Write out every entry exactly as it appears, omitting the pictures.

***** Source information

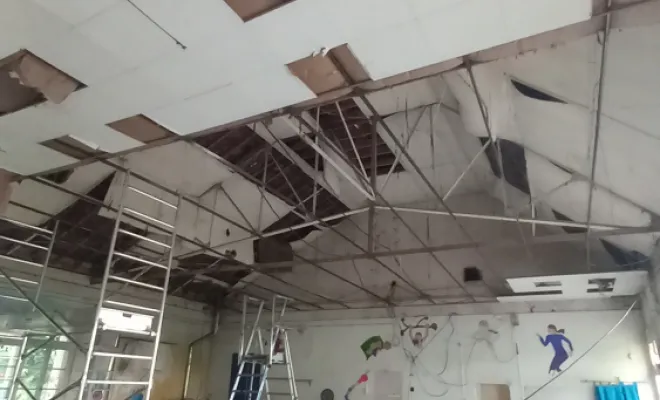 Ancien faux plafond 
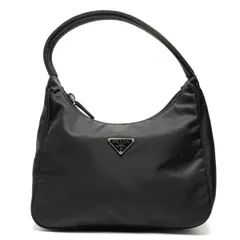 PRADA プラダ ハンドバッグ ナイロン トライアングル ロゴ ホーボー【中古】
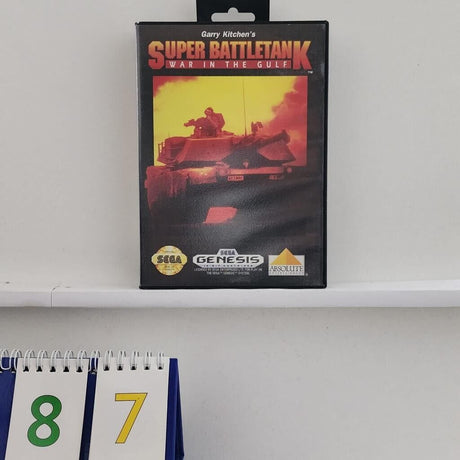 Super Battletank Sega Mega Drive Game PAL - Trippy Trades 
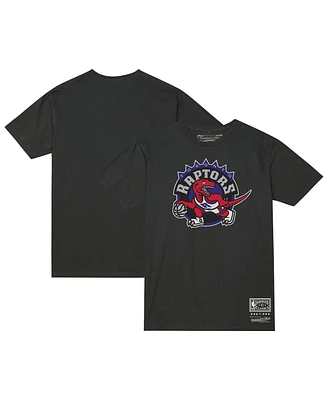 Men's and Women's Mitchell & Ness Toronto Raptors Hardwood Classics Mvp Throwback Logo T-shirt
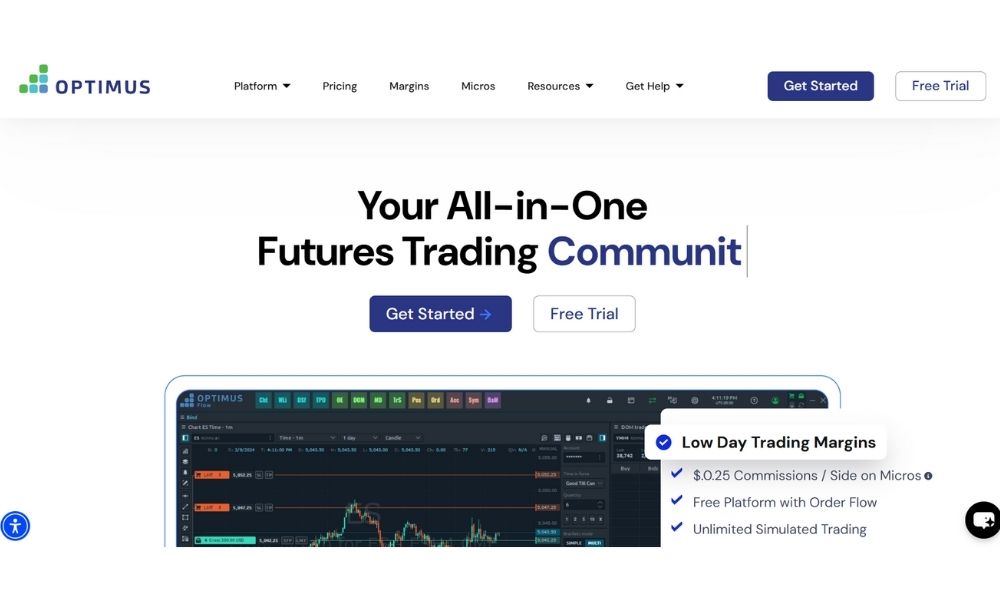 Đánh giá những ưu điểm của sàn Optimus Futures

**********

Result of this task —
 Ancien faux plafond 
 PRADA プラダ ハンドバッグ ナイロン トライアングル ロゴ ホーボー【中古】
 Super Battletank Sega Mega Drive Game PAL - Trippy Trades 
 Men's and Women's Mitchell & Ness Toronto Raptors Hardwood Classics Mvp Throwback Logo T-shirt
 Đánh giá những ưu điểm của sàn Optimus Futures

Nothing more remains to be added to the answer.